***** Available data *****

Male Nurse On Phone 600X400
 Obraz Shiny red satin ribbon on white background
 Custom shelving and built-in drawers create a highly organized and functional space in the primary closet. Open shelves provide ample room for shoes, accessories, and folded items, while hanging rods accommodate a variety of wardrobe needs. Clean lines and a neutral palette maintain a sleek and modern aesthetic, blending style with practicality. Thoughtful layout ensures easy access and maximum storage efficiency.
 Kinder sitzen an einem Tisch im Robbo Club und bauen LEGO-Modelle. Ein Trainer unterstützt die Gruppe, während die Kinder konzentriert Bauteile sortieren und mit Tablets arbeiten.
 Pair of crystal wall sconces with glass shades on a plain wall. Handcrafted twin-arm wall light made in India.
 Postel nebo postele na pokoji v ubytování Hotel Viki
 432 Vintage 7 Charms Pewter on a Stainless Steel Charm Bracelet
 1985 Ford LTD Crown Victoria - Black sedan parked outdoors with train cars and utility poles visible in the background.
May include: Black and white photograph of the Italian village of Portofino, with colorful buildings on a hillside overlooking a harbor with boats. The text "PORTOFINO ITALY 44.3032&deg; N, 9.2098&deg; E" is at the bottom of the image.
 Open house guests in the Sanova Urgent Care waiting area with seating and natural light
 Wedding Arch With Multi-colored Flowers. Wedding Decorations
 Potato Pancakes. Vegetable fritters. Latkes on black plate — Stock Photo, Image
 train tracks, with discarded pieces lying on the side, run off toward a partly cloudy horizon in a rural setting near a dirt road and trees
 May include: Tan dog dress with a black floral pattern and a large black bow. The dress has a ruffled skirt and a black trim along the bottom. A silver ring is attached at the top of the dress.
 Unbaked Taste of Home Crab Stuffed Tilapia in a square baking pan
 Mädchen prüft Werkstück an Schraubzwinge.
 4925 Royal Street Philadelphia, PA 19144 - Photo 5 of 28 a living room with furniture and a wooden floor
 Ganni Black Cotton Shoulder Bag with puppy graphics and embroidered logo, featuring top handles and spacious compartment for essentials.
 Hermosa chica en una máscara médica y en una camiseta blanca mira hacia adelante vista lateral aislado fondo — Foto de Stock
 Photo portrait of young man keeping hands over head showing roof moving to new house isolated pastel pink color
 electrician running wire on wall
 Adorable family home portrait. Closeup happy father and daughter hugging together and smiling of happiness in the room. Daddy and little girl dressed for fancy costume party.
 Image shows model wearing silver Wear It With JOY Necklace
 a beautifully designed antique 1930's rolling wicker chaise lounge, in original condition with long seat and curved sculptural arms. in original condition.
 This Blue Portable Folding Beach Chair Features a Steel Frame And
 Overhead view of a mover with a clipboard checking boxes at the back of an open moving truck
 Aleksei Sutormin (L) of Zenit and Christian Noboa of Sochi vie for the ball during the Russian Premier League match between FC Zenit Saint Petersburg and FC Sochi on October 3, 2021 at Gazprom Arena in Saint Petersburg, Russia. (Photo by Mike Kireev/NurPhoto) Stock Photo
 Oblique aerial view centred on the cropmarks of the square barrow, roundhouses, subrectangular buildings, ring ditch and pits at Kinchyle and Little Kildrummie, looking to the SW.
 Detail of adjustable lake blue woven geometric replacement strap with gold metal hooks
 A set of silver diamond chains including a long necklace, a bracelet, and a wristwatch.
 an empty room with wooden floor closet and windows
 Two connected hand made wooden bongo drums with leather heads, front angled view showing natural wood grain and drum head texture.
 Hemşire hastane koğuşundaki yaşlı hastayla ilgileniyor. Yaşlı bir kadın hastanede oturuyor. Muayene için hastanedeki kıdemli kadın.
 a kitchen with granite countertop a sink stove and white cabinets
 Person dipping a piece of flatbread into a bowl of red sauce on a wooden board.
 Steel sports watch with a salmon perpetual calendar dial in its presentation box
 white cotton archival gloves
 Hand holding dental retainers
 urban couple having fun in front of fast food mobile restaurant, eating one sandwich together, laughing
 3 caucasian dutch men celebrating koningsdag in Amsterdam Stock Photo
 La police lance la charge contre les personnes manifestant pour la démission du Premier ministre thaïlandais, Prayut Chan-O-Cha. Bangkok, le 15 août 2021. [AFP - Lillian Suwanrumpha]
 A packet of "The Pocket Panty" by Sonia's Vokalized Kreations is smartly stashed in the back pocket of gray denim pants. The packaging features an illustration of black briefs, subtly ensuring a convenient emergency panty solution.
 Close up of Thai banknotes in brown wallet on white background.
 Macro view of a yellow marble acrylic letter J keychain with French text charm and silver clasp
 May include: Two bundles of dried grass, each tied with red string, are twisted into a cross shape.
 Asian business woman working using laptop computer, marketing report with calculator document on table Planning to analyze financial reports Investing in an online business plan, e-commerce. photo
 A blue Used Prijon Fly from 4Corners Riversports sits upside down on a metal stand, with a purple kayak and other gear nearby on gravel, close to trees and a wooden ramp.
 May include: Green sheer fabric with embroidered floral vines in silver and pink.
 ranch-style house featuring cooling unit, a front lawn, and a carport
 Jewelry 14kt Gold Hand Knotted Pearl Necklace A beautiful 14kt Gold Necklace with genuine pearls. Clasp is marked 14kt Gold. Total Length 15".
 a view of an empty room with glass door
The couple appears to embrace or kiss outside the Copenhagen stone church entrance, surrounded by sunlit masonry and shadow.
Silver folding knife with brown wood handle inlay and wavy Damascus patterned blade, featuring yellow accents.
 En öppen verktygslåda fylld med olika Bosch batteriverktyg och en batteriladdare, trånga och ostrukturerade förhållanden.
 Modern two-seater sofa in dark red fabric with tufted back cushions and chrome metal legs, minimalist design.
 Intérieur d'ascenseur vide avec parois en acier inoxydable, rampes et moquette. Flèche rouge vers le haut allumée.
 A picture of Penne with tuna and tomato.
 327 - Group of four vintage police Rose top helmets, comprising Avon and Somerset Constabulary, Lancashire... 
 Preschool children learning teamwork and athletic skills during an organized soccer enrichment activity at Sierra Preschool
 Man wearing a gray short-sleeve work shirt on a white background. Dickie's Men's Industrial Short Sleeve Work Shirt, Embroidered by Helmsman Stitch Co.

*****

Task requirements:
Check each line above for the string "together" and copy the ones that have it.

Solution below:
 Adorable family home portrait. Closeup happy father and daughter hugging together and smiling of happiness in the room. Daddy and little girl dressed for fancy costume party.
 urban couple having fun in front of fast food mobile restaurant, eating one sandwich together, laughing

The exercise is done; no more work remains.